#### Task input:

====================

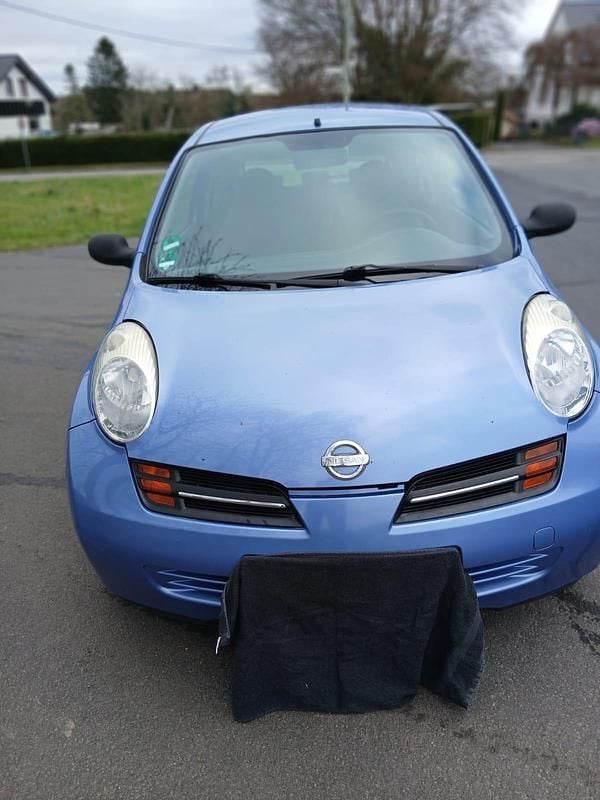 Usado Nissan Micra 65 HP (47 kW) 2004 Azul Citadino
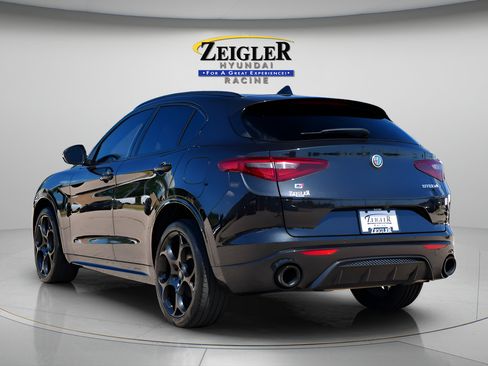 Used 2023 Alfa Romeo Stelvio Veloce AWD/4WD image 5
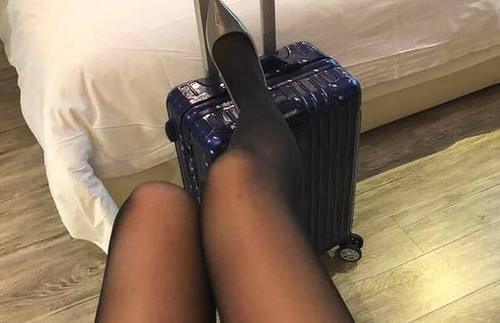 柔软的鞋面是尖头细跟的武器，简约的纯色容易搭配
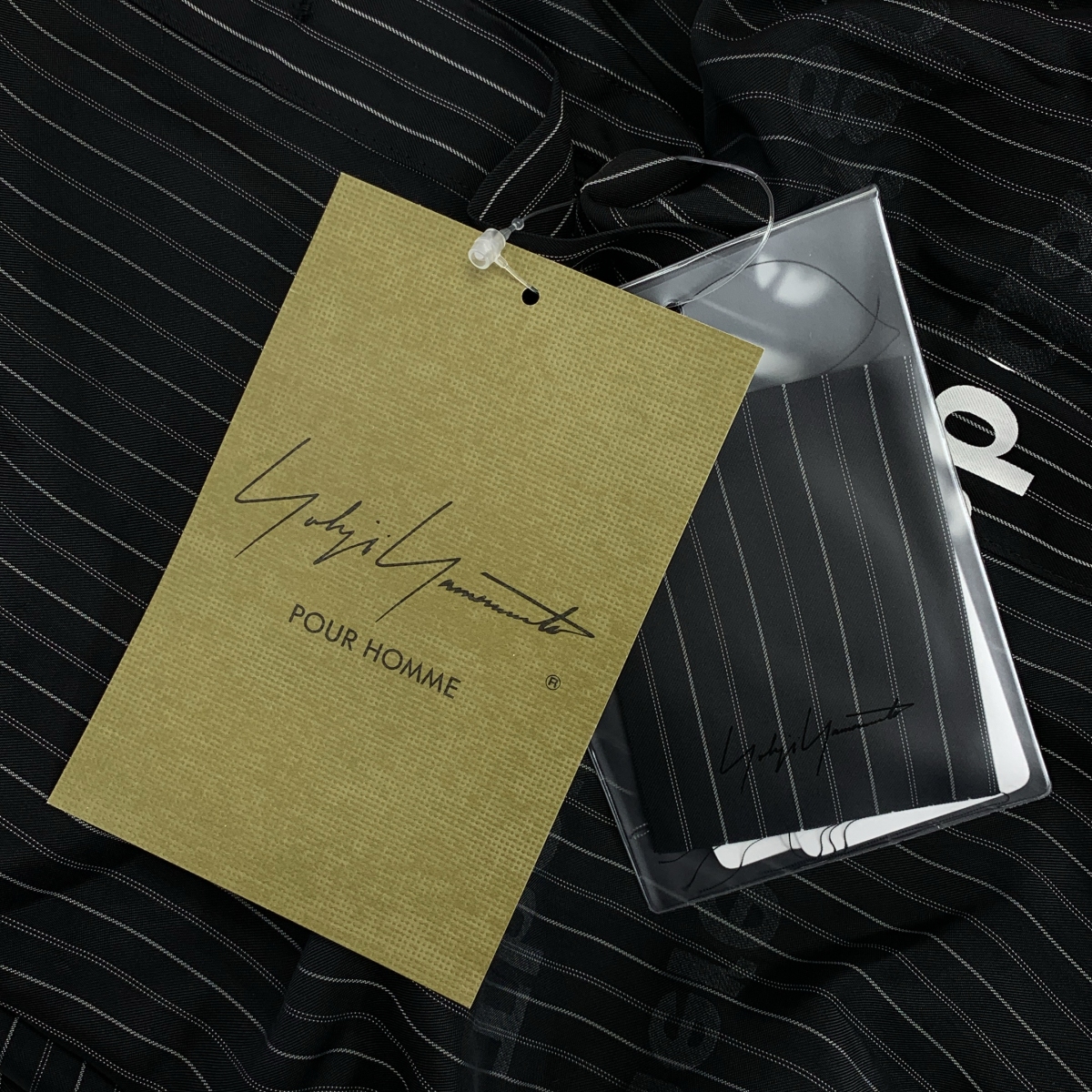 YOHJI YAMAMOTO POUR HOMME / ヨウジヤマモトプールオム CU ST MESSAGE SCARF BLOUSE / ストライプ ロゴ 変形 オーバーシルエット シャツ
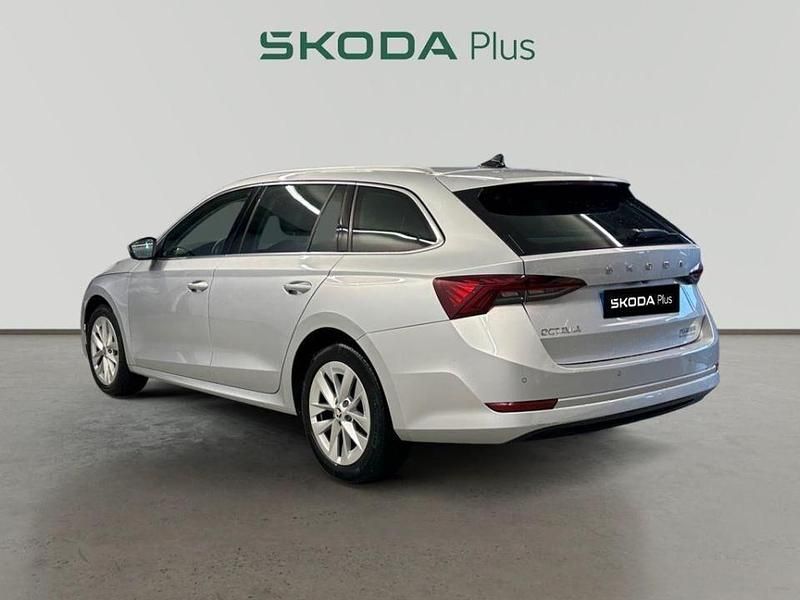 Usado Skoda Octavia Style 150 CV (110 kW) 2020 Gris plata Familiar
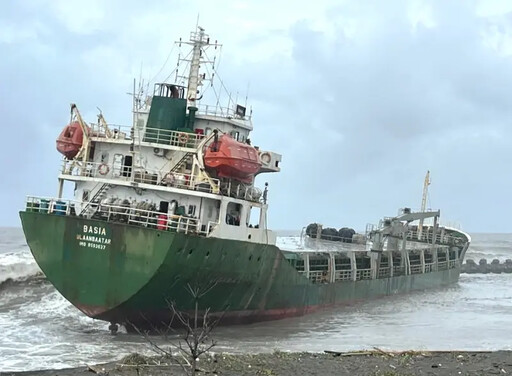 交通部航港局展開船舶殘油移除作業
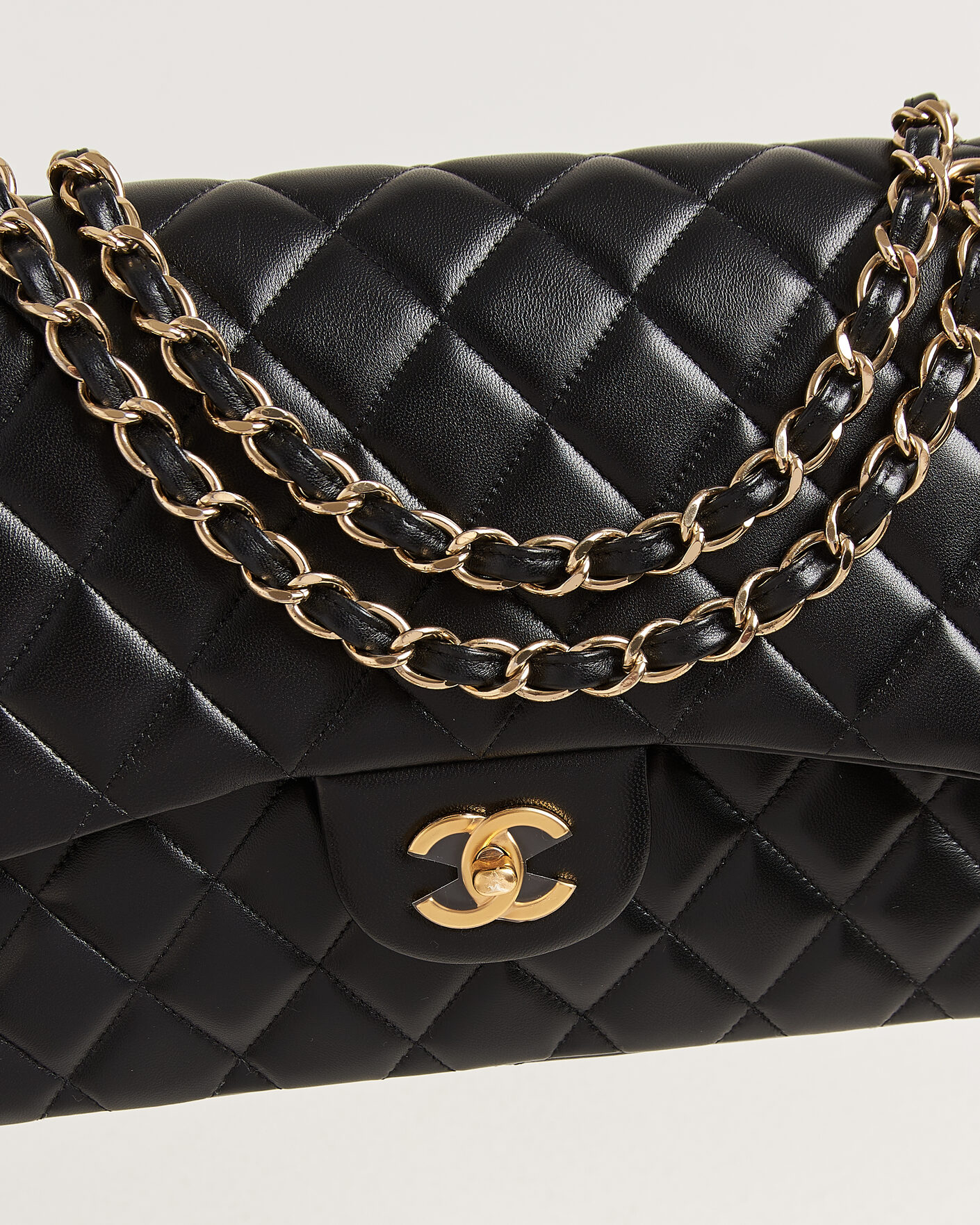 Homme | Pre-Owned & Vintage Bags | Chanel Pre-Owned | Classic Jumbo Double Flap Bag Lambskin Black
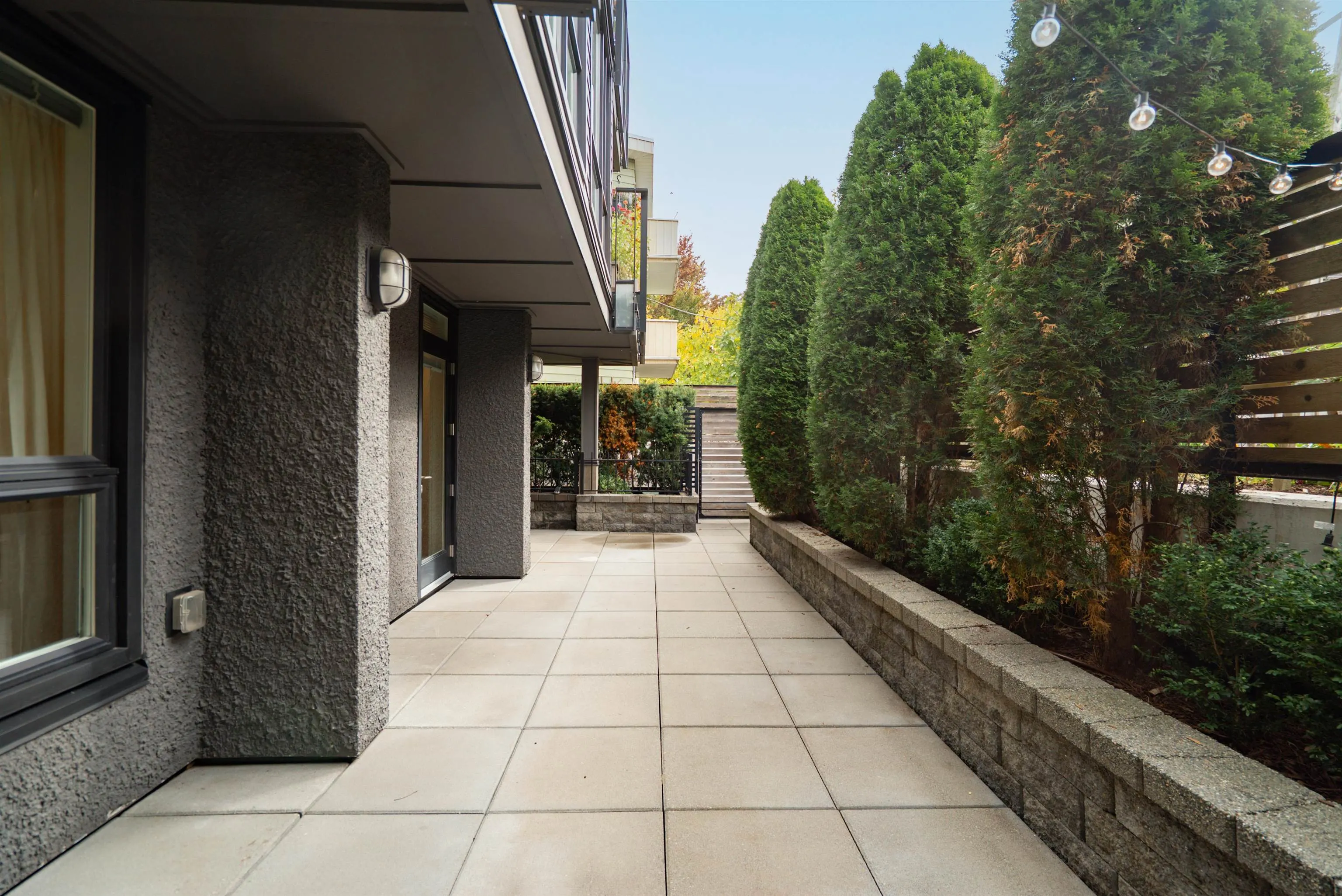 562 E 7th Avenue #101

====================

#### Description of the task:
Output the listing unchanged, pictures excluded.

#### Response to this task:
 Usado Nissan Micra 65 HP (47 kW) 2004 Azul Citadino
 Used 2023 Alfa Romeo Stelvio Veloce AWD/4WD image 5
 柔软的鞋面是尖头细跟的武器，简约的纯色容易搭配
 YOHJI YAMAMOTO POUR HOMME / ヨウジヤマモトプールオム CU ST MESSAGE SCARF BLOUSE / ストライプ ロゴ 変形 オーバーシルエット シャツ
 Usado Skoda Octavia Style 150 CV (110 kW) 2020 Gris plata Familiar
 交通部航港局展開船舶殘油移除作業
 Homme | Pre-Owned & Vintage Bags | Chanel Pre-Owned | Classic Jumbo Double Flap Bag Lambskin Black
 562 E 7th Avenue #101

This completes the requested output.